- **PROBLEM DESCRIPTION**
Your copy of the lines below must match them exactly and contain no images.

-- DATA TO PROCESS follows --

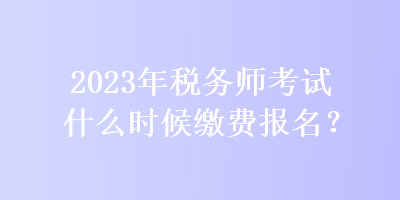 2023年稅務師考試什么時候繳費報名？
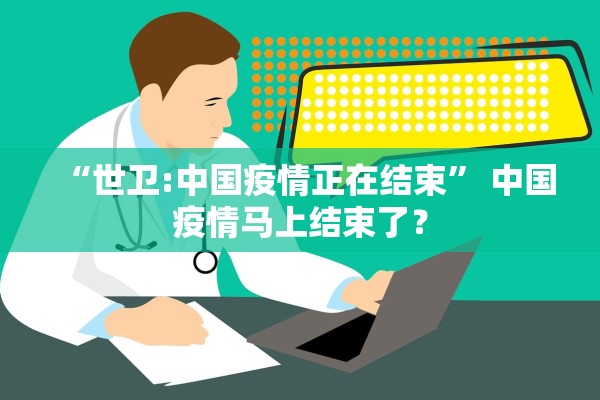 “世卫:中国疫情正在结束” 中国疫情马上结束了？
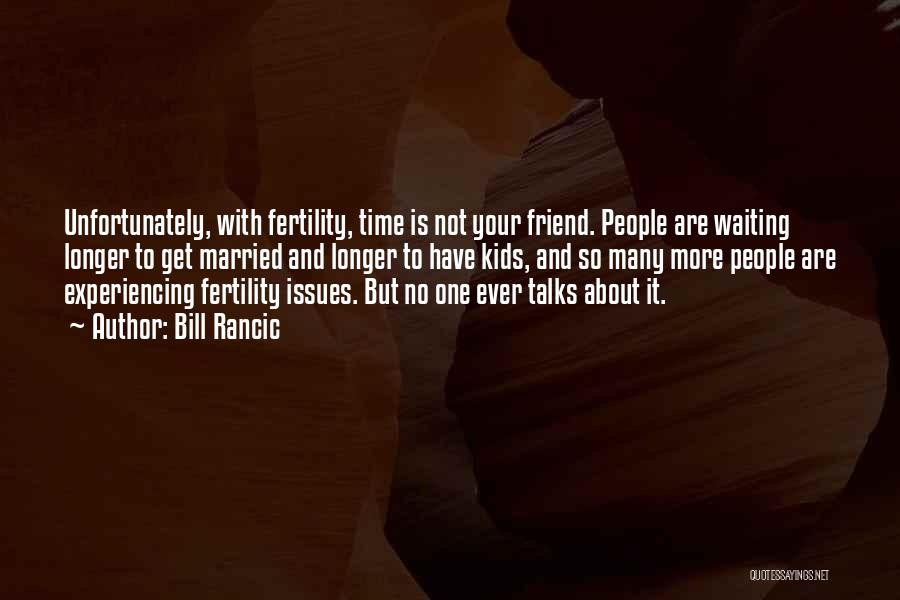 Bill Rancic Quotes: Unfortunately, With Fertility, Time Is Not Your Friend. People Are Waiting Longer To Get Married And Longer To Have Kids,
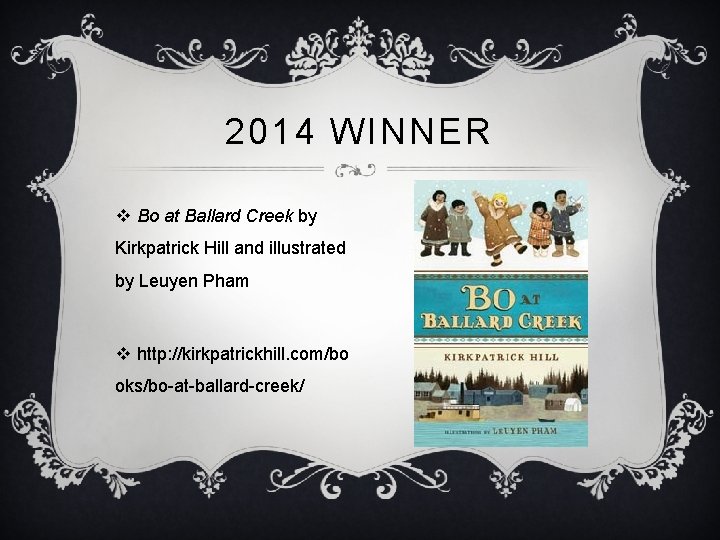 2014 WINNER v Bo at Ballard Creek by Kirkpatrick Hill and illustrated by Leuyen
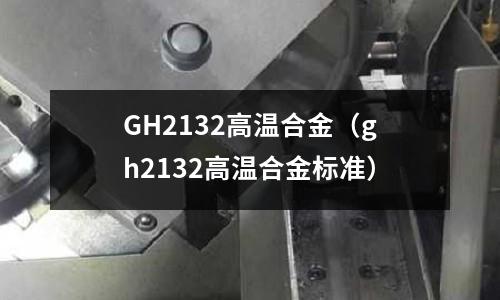 GH2132高溫合金（gh2132高溫合金標準）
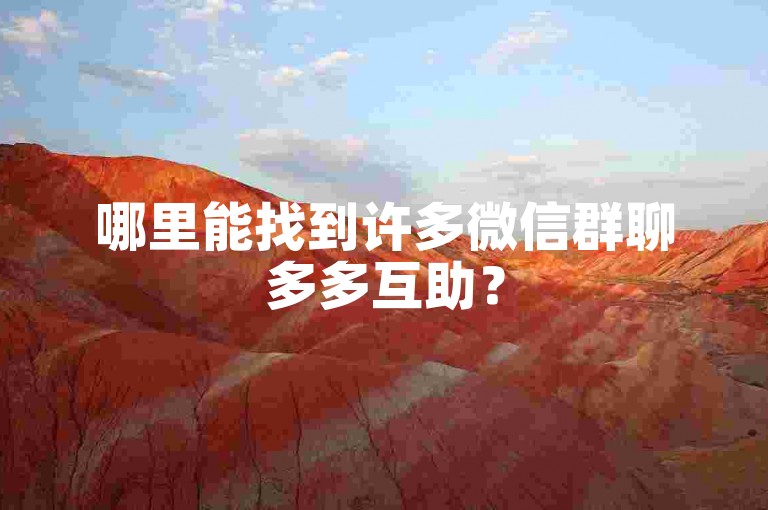 哪里能找到许多微信群聊多多互助？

-- DATA TO PROCESS concluded --

- **EXERCISE RESPONSE**
 2023年稅務師考試什么時候繳費報名？
 “世卫:中国疫情正在结束” 中国疫情马上结束了？
 Bill Rancic Quotes: Unfortunately, With Fertility, Time Is Not Your Friend. People Are Waiting Longer To Get Married And Longer To Have Kids,
 2014 WINNER v Bo at Ballard Creek by Kirkpatrick Hill and illustrated by Leuyen
 GH2132高溫合金（gh2132高溫合金標準）
 哪里能找到许多微信群聊多多互助？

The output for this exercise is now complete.